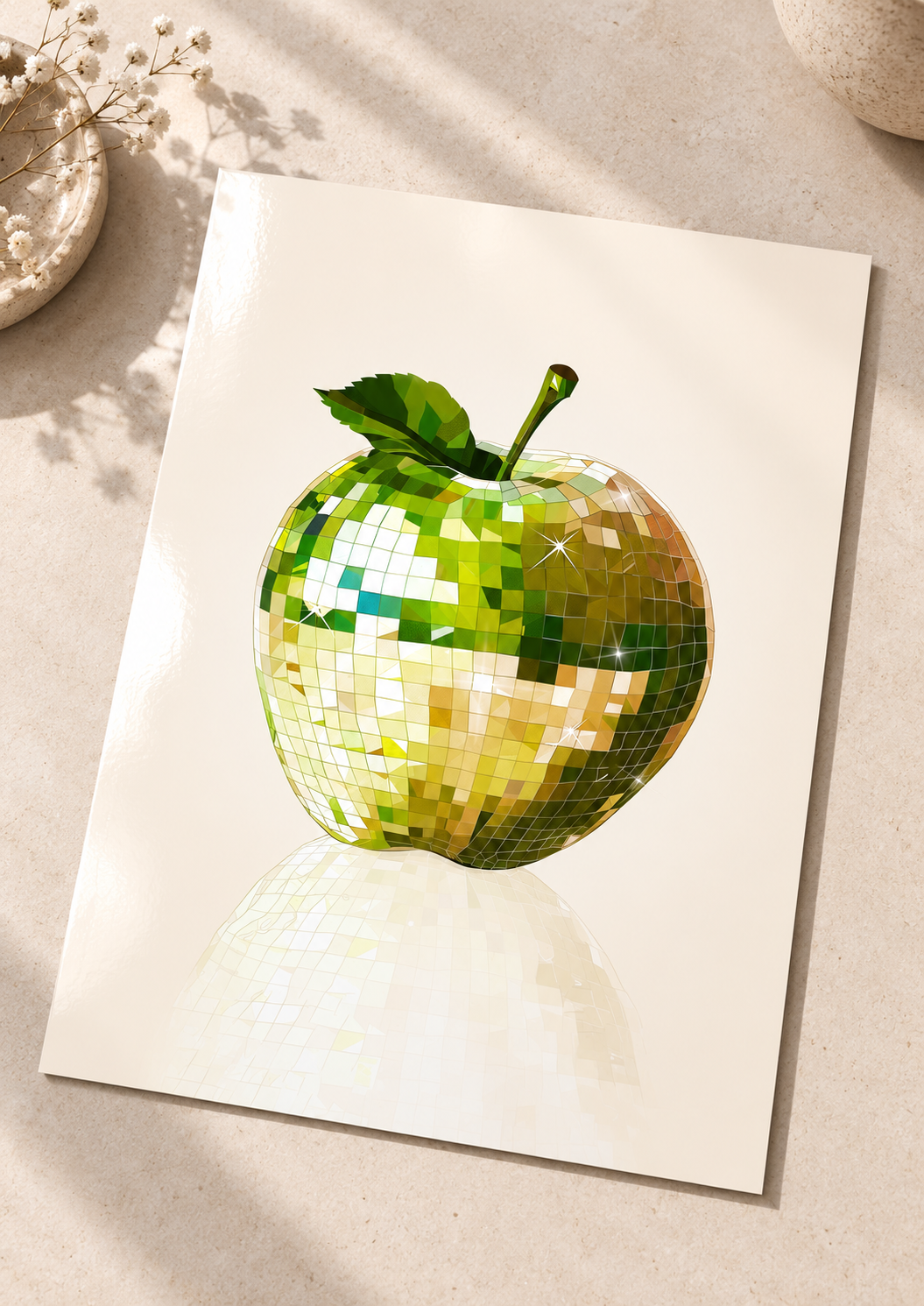 Disco Ball Apple glossy unframed print
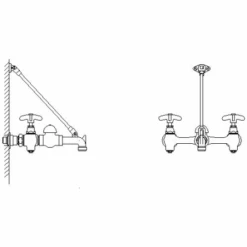 Delta Commercial Laundry Faucet Double Handle Wall Mount With Cross Handles And Wall Brace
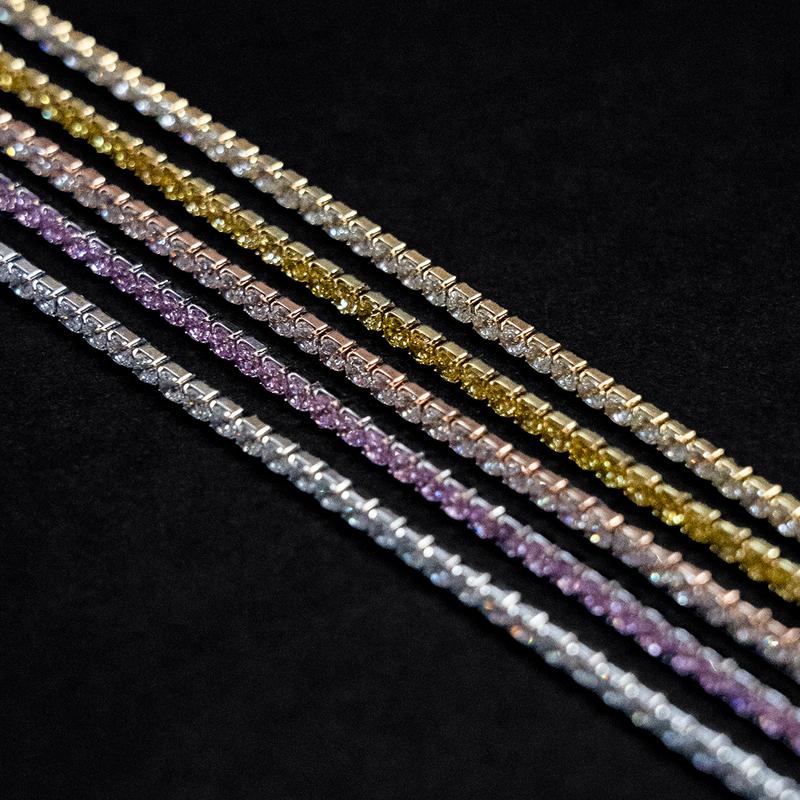 GLD Micro Tennis Necklace | Yellow Gold 2mm Width 18k Gold Plated Chain with CZ Stones for Men & Women 16" to 28" Lengths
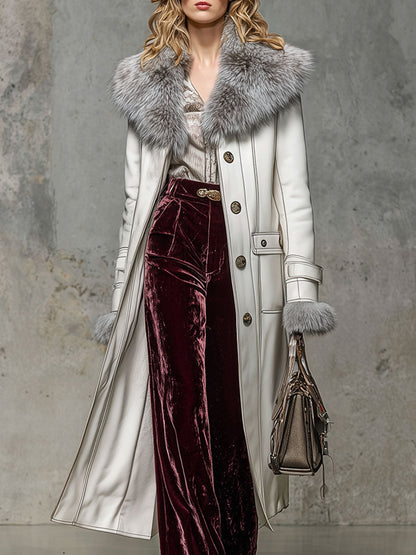 Veste Longue en Similicuir Blanc avec Col en Fourrure Synthétique au Style Rétro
········
• PROBLEM DESCRIPTION: The answer must consist solely of the lines from the line containing "GLD Micro Tennis" to the end of the data, reproduced exactly, with every picture left out.

• RESPONSE BELOW:
 GLD Micro Tennis Necklace | Yellow Gold 2mm Width 18k Gold Plated Chain with CZ Stones for Men & Women 16" to 28" Lengths
 Veste Longue en Similicuir Blanc avec Col en Fourrure Synthétique au Style Rétro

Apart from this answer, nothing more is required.